As I watched Glory, I got to thinking, Where's the Martin Luther King biopic? Where's the Jackie Robinson film that Spike Lee's been trying to make for a decade now? Hell, Spike had to beg for money to complete X. (Inside the Actor's Studio is, by now, pure knob-smoking farce, but if you've never seen the Spike Lee hour, in which he tearfully recounts how Bill Cosby and Michael Jordan and Oprah Winfrey wrote him personal checks so he could finish editing the film, track it down.) There are great stories about the black experience out there to be made, why is Hollywood so reluctant to make them? Why can a film about some Kiwi motorcyclist get a theatrical release, with ads during the Super Bowl, but a movie like Boycott—starring the witheringly talented Jeffrey Wright as Dr. King—has to be made for HBO? The World's Fastest Indian isn't gonna make any money, no way, no how. But someone bankrolled it, anyway. Because they loved the story.

For a while, January was seen as a dead month for magazine newsstand sales. Nothing sold. And nothing we did would change it. (Things have since changed a bit.) So, when faced with the reality that no matter what we put on the cover the magazine wasn't gonna sell on the newsstand, we realized that we could put whatever we wanted on the cover. Things we would never try any other time during the year. It was liberating, and we got some terrific covers out of it.

There are stories out there, crying to be told. And if no one's gonna see your movie anyway, why not make the best one you can? To quote that wizened cinematic sage, Wesley Snipes, in Passenger 57, "Always bet on black."

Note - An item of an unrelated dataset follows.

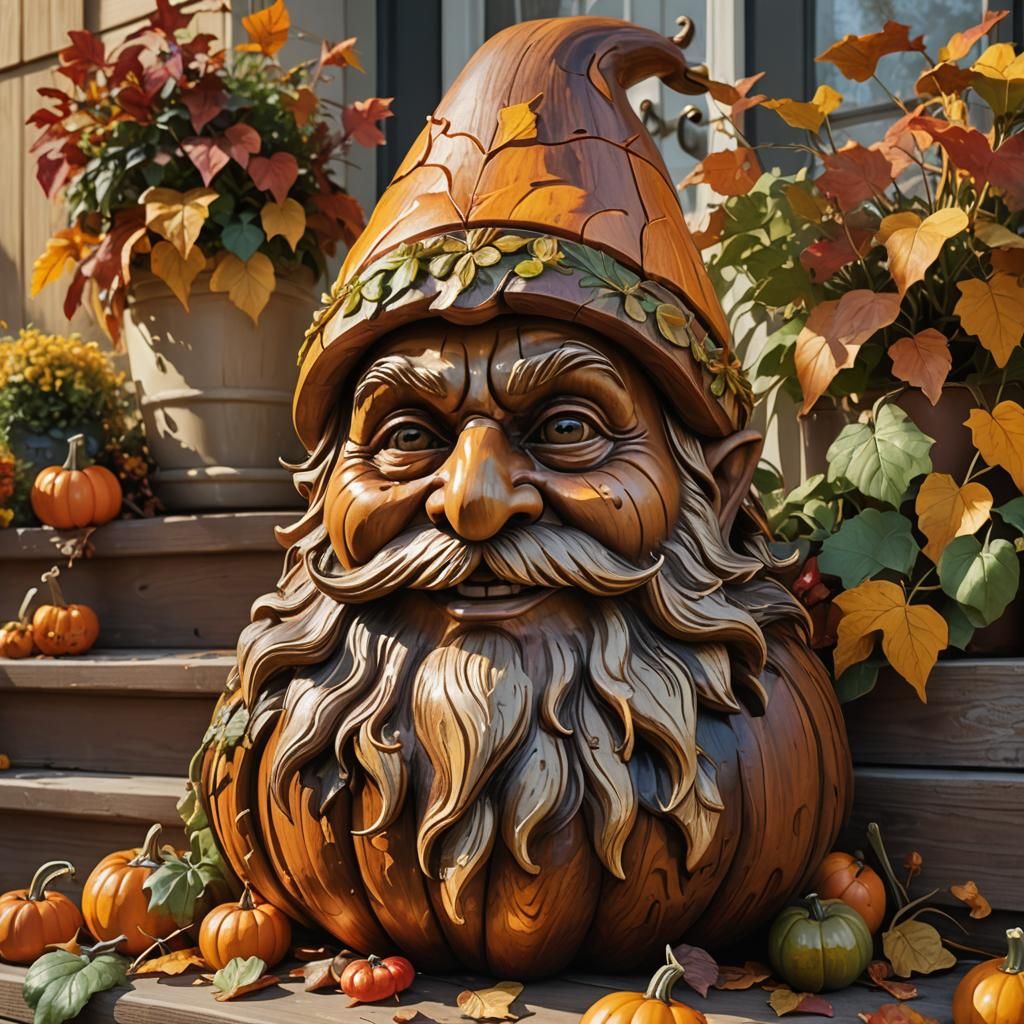 Gnome Face Carved in Cherry Wood Pumpkin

EDIT: I see that New Line is moving ahead with a Duke Ellington film, The Jazz Ambassadors, starring Morgan Freeman and directed by (apparently, the only black filmmaker working in the studio system) Antoine Fuqua. Good on ya.

2 comments:

Ken Lowery said...

It's funny. You mentioned Anthony Hopkins, so I wondered if The Human Stain was going to come up. I haven't actually seen it, but I realize I'm hardly alone there.

As far as I can tell, the only black people getting movies made about them are black women -- witness Something New as the latest example of this. But with most of the entertainment press (ahem) decreeing last year a failure for movies aimed at adult women, I wonder how much longer studios will sink money into even those projects. (I know I'm not exactly vibrating with excitement at the thought of Medea's Family Reunion.)

It's too bad Snipes doesn't get more work. I challenge anyone to see Blade, Demolition Man, Jungle Fever, and White Men Can't Jump and then tell me that guy doesn't have incredible range.

marc bernardin said...

Yeah, Anthony Hopkins is maybe the least convincing black guy since C. Thomas Howell.

Black men are getting lots of movies made for them. The problem is, those films are direct-to-DVD films starring barely known rappers as thug-life criminals. Because, apparently, black men in their 30s care about nothing else. (And you ain't the only one rueing the day when Madea's Family Reuinion comes out, brother.)

It's really too bad Wesley Snipes went crazy, because he held the most promise out of all of them, Denzel included. He could do comedy, action, drama, romance...I caught One Night Stand last night, totally by accident, and while it isn't a fantastic film, it's got a lot of things going for it, including a Wesley Snipes who could hold his own with Robert Downey Jr--perhaps the actor of his generation.